Your Majesty, ladies and gentlemen:
During the past century and a half, there have been entertained within these walls many individuals of distinction--some of our own country, some visiting us from abroad. I think it is safe to say that never has any company here gathered been honored by the presence in their guest of honor of an individual more noted for his fierce defense of freedom and for his courage in defending the independence of his people than the guest of honor this evening.
I read once that no individual can really be known to have greatness until he has been tested in adversity. By this test, our guest of honor has established new standards in the world. In 5 years of adversity, with his country overrun but never conquered, he never lost for one single second his dignity. He never lost his faith in himself, in his people, and in his God.
I deem it a very great privilege, ladies and gentlemen, to ask you to rise and with me to drink a Toast to His Imperial Majesty, the Emperor of Ethiopia.Note: The President proposed this toast at a state dinner at the White House, at 9:45 p.m. The Emperor responded as follows:
I thank you, Mr. President, for the kind sentiments which you have expressed on this occasion, because I take them, not as addressed to me, but to my beloved people.
I have accepted your kind invitation, Mr. President, to come to the United States and visit your nation, because it has offered me the occasion to express the depth of my appreciation and that of my people for your friendship and assistance which encouraged and aided us in resuming our march on the road of progress from which we had been detained by the imperatives of war. That assistance is today, in yet more varied forms, strongly impelling us forward on the path of progressive development.
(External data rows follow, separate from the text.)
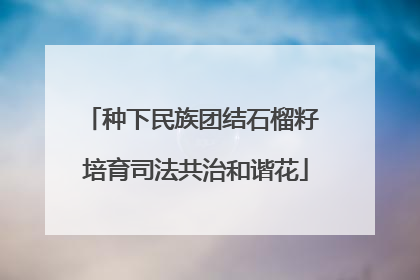 种下民族团结石榴籽 培育司法共治和谐花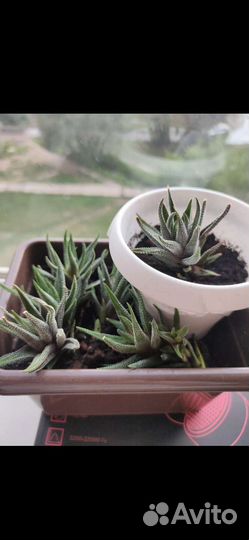 Кактусы и суккуленты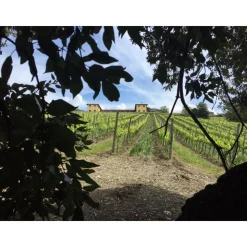 Tenuta l'Impostino - Taste and Tradition - 3 Days 2 Nights - Avvenice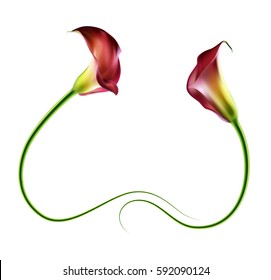 Realistic calla lily frame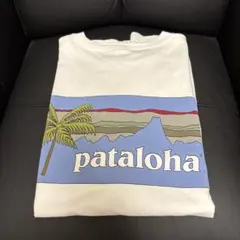 【最終値下げ】 パタゴニア patagonia ベネフィシャル L USA製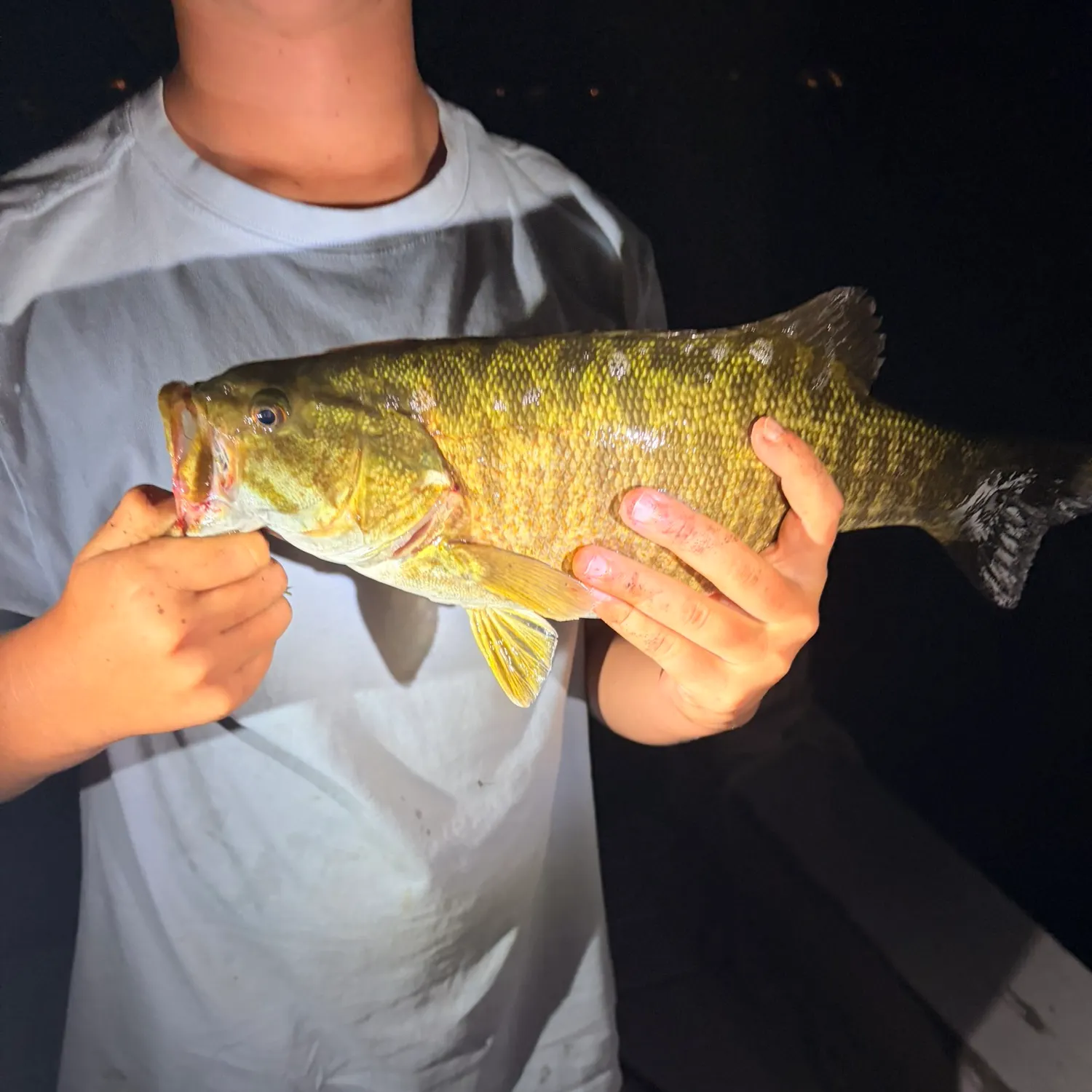 Smallmouth bass caught on Fishbrain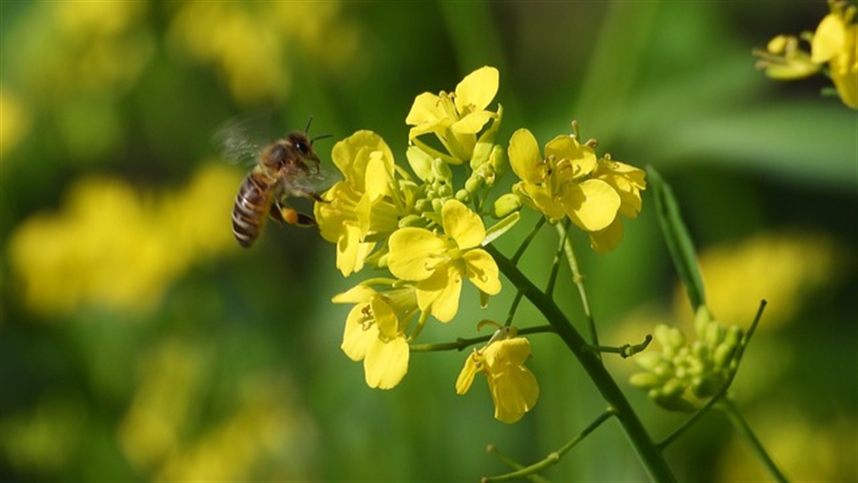 Cultura da Canola Ganha Espaço no Brasil e Impulsiona Renda no Campo Cultura da Canola Ganha Espaço no Brasil e Impulsiona Renda no Campo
By your great comprehension of the problems with which Ethiopia is faced, it has been possible for us to achieve, with your help, considerable progress in the solution of the present hour. The smoothness of this collaboration notwithstanding the barriers of distance and language and the breadth and richness of our relations attained during the half-century to which you, Mr. President, have alluded, constitute the supreme manifestation of that extraordinary flexibility of understanding and felicity of spirit with which you, as a nation, have been endowed, and of the trust and confidence which you inspire in the minds of others.
I raise my glass to the men and women of the great and noble American nation, and to its heroic and distinguished chief, President Eisenhower and, last but not least, to his consort and wife who so charmingly represents in her person the women of the United States and the role which they play in giving leadership to American thoughts and ideals throughout the world.